Il aurait pu faire venir Amma, la sainte Mère Hindoue, pour asseoir encore davantage sa mainmise sur les autres communautés...

Comprenne qui pourra !

24.Posté par A mon avis le 21/09/2020 12:02

@23. Un Réunionnais à Maurice

Ce n'est pas le gouvernement mauricien qui a demandé au pape de venir.
Mais c'est le gouvernement mauricien qui a accepté la proposition de pape de venir à Maurice.

Les deux sont gagnants dans l'affaire : le pape qui fait sa pub évangélique dans un fief hindou ; le PM qui conforte une image de Maurice tolérante sur le plan religieux.

25.Posté par Le Penseur le 23/09/2020 20:45

Hélas, cet envoyé de Dieu pour sauver l'Ile Maurice a été arrêté le 22 septembre dernier pour émission de chèques sans provision.
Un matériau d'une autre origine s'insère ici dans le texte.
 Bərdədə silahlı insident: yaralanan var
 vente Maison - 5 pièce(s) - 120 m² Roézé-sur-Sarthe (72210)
Il n'est pas à son coup d'essai puisqu'il a déjà été condamné en 2015 par le Tribunal de Curepipe pour des chèques en bois émis en 2012 pour une valeur d'environ 9000 € qui représente une somme d'argent importante pour les mauriciens.

Forcément, son avocat et lui crient au complot du gouvernement pour l'empêcher de parler. Peu importe, personne ne lui a obligé d'être un escroc et un récidiviste. Il a grimpé au cocotier sans se soucier de la propreté de ses fesses.

Comme on disent toujours nos ainés, Satan se déguise toujours en Dieu pour nous séduire.